Which of the lines in the data mention the string "video"? List them all.

→ **Record set**:

*** Block opens ***

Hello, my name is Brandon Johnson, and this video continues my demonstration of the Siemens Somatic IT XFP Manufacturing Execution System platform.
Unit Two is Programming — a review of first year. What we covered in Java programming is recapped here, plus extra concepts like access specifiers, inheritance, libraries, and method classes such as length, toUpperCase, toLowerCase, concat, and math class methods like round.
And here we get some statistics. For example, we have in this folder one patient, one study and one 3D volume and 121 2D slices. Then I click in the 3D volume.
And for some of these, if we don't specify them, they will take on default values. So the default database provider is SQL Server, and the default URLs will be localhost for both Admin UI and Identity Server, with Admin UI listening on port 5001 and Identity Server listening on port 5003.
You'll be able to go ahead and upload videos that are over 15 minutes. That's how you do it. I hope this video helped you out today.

*** Block closes ***
*** Block opens ***

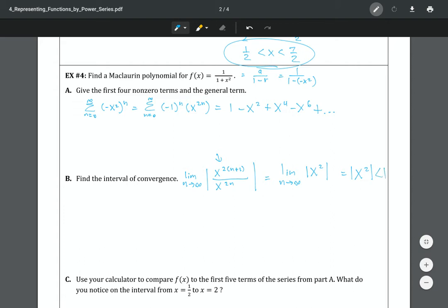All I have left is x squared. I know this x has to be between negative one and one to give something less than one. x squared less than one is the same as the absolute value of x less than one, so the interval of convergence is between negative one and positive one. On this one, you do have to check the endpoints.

*** Block closes ***
*** Block opens ***

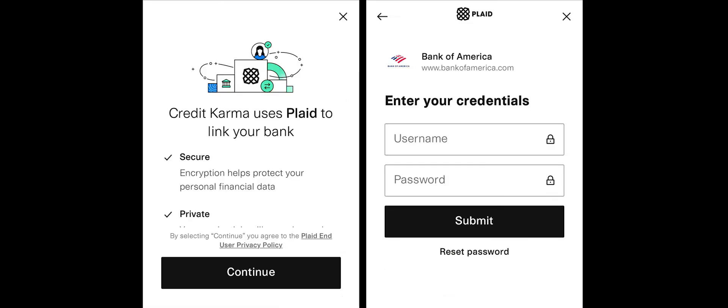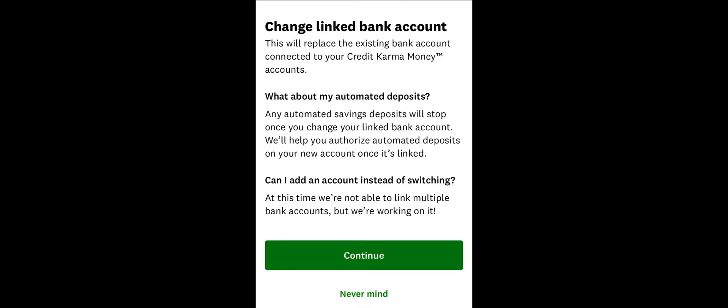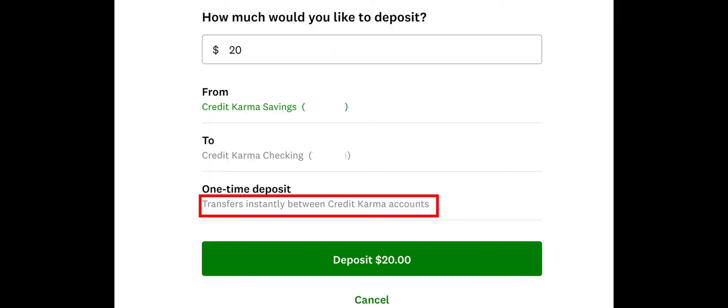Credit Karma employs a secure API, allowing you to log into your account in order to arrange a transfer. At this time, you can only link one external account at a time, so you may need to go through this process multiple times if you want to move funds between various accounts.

*** Block closes ***

→ **Response**:
Hello, my name is Brandon Johnson, and this video continues my demonstration of the Siemens Somatic IT XFP Manufacturing Execution System platform.
You'll be able to go ahead and upload videos that are over 15 minutes. That's how you do it. I hope this video helped you out today.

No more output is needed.